The Court rejected the plaintiff’s argument that the
employer’s explanation was pretextual because the rationale was insufficient to
motivate the employer’s action. She
pointed to the fact that no other employee had ever been fired for working too
slowly. However, the Court summarily
rejected her argument on the grounds that the Employee Handbook:
says that employees “should be separated as soon as it becomes evident that they are unable to meet the requirements of their positions.” Handbook § 584.35. Working inefficiently is sufficient to motivate the firing.
The Court also rejected the plaintiff’s argument that her
termination lacked a basis in fact based
largely on the Honest Belief Rule. The employer
produced her 30-day evaluation showing that her productivity had been rated “unacceptable”
and indicated that she never improved. The
employer also produced an email from one of her supervisors indicating that she
worked very slowly and could not keep up with her co-workers. Although the employer did not use objective
metrics to measure productivity, the plaintiff’s own subjective view of her performance
was insufficient to create a disputed issue of fact about whether the employer’s
explanation was reasonably based on facts.
Her supervisor’s “belief about [the plaintiff’s] performance was
reasonable. Not only was the belief based on [her] own observation, but also on
the observations of other supervisors who all agreed she was working slowly.” Because the supervisor’s conclusion was
reasonable, the plaintiff “cannot show pretext by showing it was wrong.”
[A]n employer’s use of subjective reasons in terminating an employee, without more, “does not raise an inference” of discrimination. . . . And [plaintiff] “has offered no evidence from which a reasonable juror could infer that the [employer] manipulated, abused, or misapplied that criteria to affect” her chances of being retained at the end of the probationary period. . . . . So even when an employer uses an “evaluation process [that] was haphazard” that alone cannot create a “reasonable inference” of discrimination. . . . . And an employer’s “unwise business judgments” or “faulty evaluation system” does not establish an inference of discrimination either.

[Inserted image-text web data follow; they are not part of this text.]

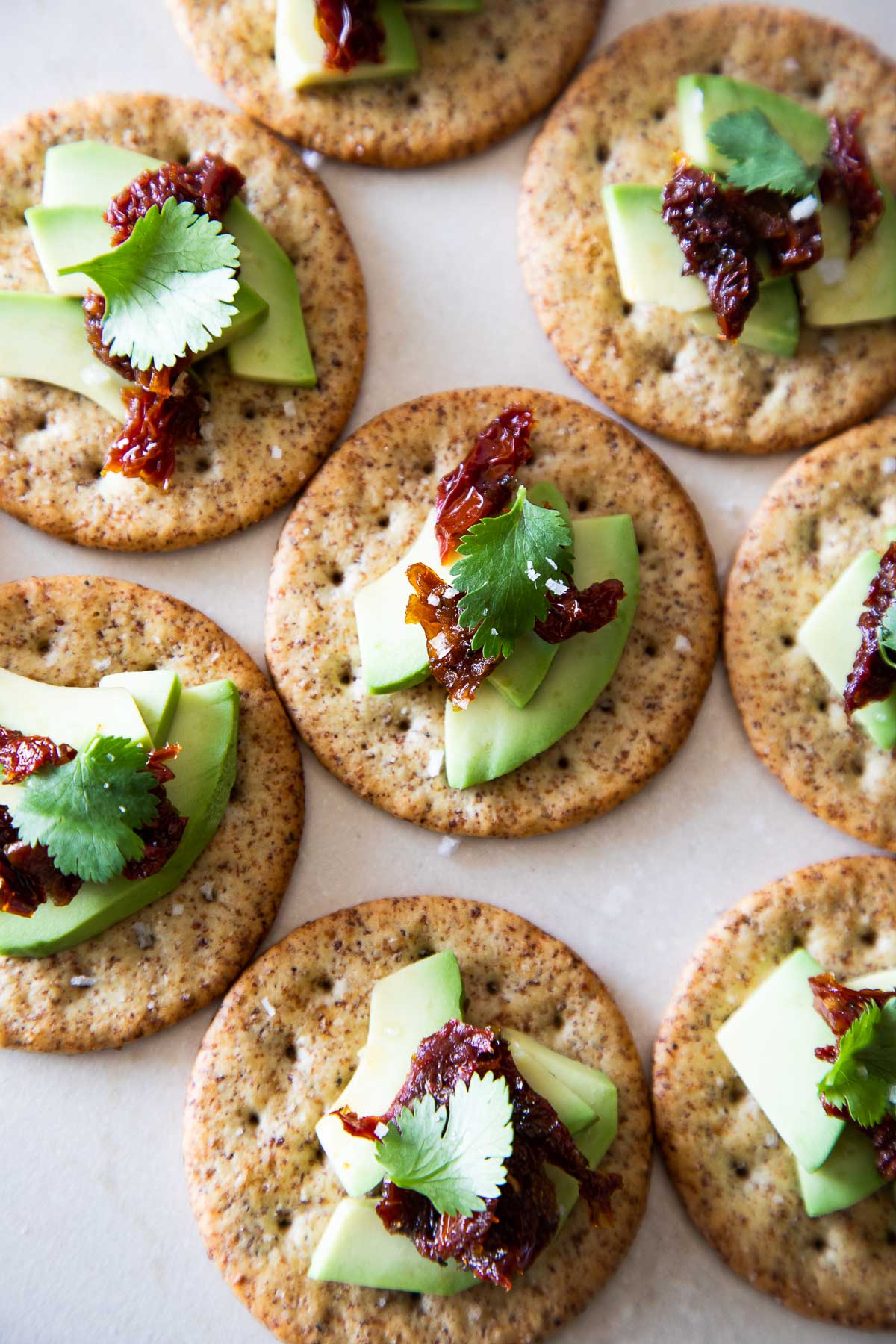 8 Avocado Topped Crackers with Sun Dried Tomato, touching on white background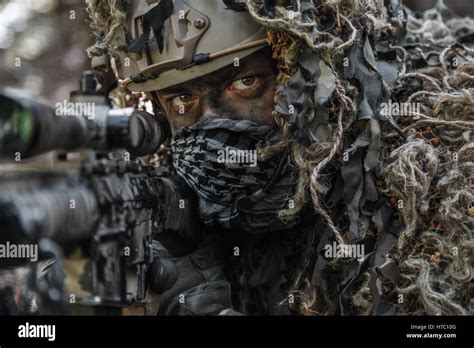 sniper wearing ghillie suit Stock Photo - Alamy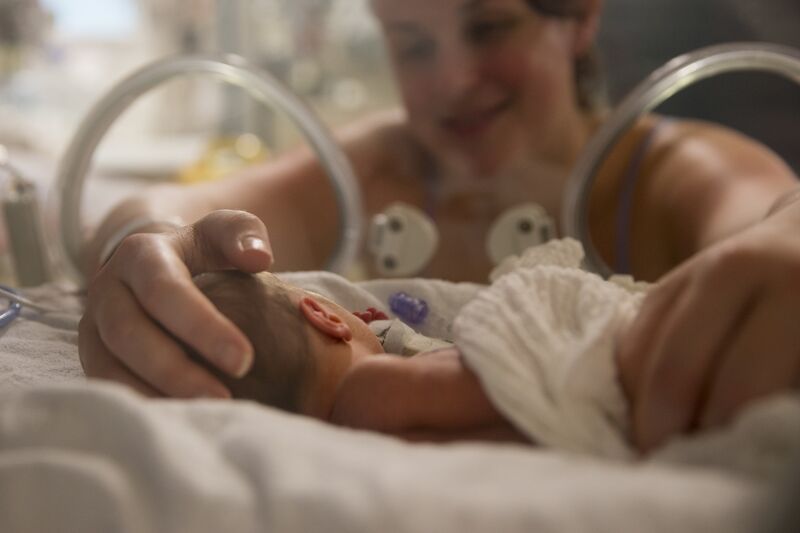 Baby in foreground in an incubator while mum in background has her hands through the incubator holding her baby's head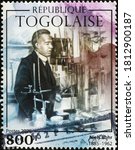 Small photo of Milan, Italy - August 01, 2020: Scientist Niels Bohr in his laboratory on postage stamp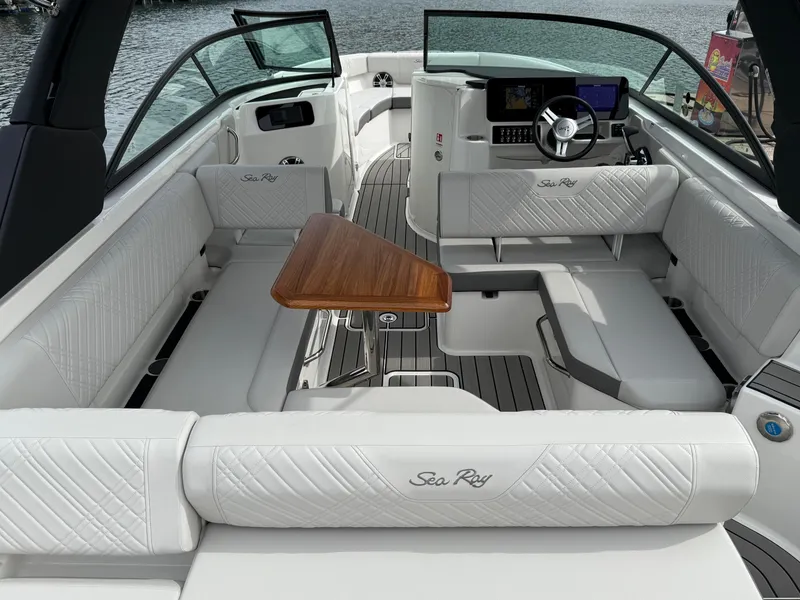 Slide: The Image of 2025 Sea Ray SDX 250 boat interior with luxurious seating and sleek design. - 4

The plaintiff’s efforts to show that her inefficiency did
not actually motivate her terminations failed largely from lack of specificity. She did not show how other events were “’logically
or reasonably tied’ to the adverse action against her, that the same “bad
actors” were involved, or that the conduct was in close temporal proximity,
among other factors.” Among other things, she incorrectly claimed
that four employees had been fired and could not show that her supervisor was
involved in the termination of the fifth. Her attempt to show better treatment of white coworkers
failed because their negative evaluations related to their attendance and not
to their productivity. Thus, “[s]uperficial
similarities between a disciplined employee and his colleagues” are not enough
to make them comparators.” Further, some
of her alleged comparators improved their performance while the plaintiff did
not. The third comparator had a valid
excuse for her absences.
NOTICE: This summary is designed merely to inform and alert
you of recent legal developments. It does not constitute legal advice and does
not apply to any particular situation because different facts could lead to
different results. Information here can change or be amended without notice.
Readers should not act upon this information without legal advice. If you have
any questions about anything you have read, you should consult with or retain
an employment attorney.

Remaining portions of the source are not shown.